Makin 'geregetan' saja dengan media 'masa kini' yang menulis tentang uang lama. Judulnya begitu fantastis, sehingga berpengaruh besar terhadap masyarakat awam. Masyarakat awam pun langsung percaya pada berita tersebut. Mereka  rupanya hanya membaca judul.
'Wartawan' media tersebut seakan makin hebat karena tulisannya banyak diklik. Inilah media masa kini yang tanpa suntingan, cepat tersaji, berpengaruh kepada banyak orang yang tidak mengerti, namun isinya tidak mencerdaskan.
Saya sendiri sudah berkali-kali menulis tentang informasi numismatik yang positif. Entah mengapa masyarakat awam lebih percaya kepada media abal-abal yang penulisnya tidak mengerti numismatik.
Menurut pengamatan saya sejak lama, ada beberapa media yang menurunkan tulisan numismatik hanya mengejar klik atau pageviews. Karena masyarakat awam percaya, jadilah grup jual beli di media sosial dan bahkan marketplace, dipenuhi postingan 'sampah'.
"Dijual koin kuno, harga tertinggi angkut," kata yang satu. "Tawar aja, siapa tahu cocok," kata yang lain.
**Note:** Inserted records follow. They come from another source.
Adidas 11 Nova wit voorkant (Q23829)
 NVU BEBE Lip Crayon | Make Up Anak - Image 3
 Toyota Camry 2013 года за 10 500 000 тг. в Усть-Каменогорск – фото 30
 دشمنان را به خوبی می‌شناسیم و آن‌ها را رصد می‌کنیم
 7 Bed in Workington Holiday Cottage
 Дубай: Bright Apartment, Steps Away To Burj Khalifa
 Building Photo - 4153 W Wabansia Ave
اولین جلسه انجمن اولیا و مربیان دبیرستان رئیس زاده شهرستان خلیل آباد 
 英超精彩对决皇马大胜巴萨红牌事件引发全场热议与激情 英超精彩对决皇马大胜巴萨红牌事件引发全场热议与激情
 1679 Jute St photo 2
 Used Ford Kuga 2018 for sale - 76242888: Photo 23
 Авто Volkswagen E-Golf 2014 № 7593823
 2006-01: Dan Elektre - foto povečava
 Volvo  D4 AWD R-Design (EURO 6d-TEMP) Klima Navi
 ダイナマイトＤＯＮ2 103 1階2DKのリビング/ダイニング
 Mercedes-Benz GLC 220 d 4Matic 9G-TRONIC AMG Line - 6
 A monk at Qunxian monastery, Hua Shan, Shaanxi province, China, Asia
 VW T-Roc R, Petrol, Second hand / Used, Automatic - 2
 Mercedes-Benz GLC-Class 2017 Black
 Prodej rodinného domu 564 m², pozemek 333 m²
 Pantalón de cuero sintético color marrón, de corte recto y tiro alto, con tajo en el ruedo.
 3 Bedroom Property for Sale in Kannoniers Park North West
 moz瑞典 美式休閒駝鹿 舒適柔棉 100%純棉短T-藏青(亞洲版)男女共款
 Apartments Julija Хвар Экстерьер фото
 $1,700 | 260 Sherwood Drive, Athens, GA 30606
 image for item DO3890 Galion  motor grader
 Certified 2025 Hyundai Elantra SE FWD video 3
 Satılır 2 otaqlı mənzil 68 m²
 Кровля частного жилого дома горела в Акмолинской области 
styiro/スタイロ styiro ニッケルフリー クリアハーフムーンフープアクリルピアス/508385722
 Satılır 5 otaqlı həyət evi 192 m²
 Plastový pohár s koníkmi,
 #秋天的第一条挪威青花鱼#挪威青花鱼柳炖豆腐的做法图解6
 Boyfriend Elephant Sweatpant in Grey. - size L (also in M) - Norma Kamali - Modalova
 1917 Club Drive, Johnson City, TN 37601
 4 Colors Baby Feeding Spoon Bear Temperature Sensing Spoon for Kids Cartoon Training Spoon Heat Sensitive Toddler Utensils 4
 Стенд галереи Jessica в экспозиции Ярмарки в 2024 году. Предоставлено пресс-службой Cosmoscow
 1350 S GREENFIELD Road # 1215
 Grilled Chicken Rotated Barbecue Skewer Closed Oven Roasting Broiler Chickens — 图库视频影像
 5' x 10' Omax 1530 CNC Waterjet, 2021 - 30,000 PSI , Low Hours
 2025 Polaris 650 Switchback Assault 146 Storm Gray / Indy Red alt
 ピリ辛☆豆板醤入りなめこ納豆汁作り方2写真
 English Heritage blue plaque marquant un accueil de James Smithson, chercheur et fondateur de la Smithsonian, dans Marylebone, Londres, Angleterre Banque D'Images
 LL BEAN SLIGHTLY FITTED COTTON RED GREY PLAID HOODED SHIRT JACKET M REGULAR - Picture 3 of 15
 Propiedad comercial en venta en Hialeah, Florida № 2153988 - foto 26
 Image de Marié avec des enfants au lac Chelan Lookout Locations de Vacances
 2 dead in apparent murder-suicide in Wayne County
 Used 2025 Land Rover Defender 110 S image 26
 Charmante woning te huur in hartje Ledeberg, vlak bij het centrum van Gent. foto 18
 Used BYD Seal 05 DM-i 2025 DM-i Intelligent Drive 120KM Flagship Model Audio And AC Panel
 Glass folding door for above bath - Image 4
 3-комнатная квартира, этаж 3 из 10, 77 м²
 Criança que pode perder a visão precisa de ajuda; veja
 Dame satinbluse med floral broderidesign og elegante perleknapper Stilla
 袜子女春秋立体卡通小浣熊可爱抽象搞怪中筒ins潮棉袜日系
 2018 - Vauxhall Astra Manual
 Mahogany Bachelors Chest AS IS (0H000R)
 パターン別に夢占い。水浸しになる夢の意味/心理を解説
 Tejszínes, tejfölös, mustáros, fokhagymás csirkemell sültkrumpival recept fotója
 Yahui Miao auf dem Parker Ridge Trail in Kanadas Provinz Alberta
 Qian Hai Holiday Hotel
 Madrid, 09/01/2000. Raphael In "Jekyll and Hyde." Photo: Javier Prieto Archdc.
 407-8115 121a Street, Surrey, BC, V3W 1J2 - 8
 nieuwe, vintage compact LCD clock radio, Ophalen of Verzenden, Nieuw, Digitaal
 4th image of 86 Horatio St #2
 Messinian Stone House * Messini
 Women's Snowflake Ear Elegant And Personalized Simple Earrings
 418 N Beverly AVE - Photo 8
Di marketplace, mereka memasang harga puluhan ribu hingga ratusan ribu sekeping.
Bukan hanya itu. Koleksi yang mereka tampilkan kotor, bernoda, bahkan berwarna kehitaman. Kondisi yang tidak bakal dilirik kolektor. Apalagi 'uang kuno' tersebut masih berusia muda dan masih banyak terdapat di pasaran.
Uang jajan
Koin yang dimaksud bernominal Rp 25 (emisi 1971), Rp 50 (emisi 1971), dan Rp 100 (emisi 1978). Dulu saya pernah mendapat uang jajan dengan koin-koin itu. Lumayan besar ketika itu. Kalau dihitung, koin itu berumur 45 tahun (termuda) dan 52 tahun (tertua).
Buat generasi yang lahir pada masa 2000-an, tentu koin-koin itu terasa istimewa. Maka istilah 'uang kuno' begitu lekat dengan mereka. Tentu beda halnya dengan saya yang pernah merasakan langsung koin-koin tersebut.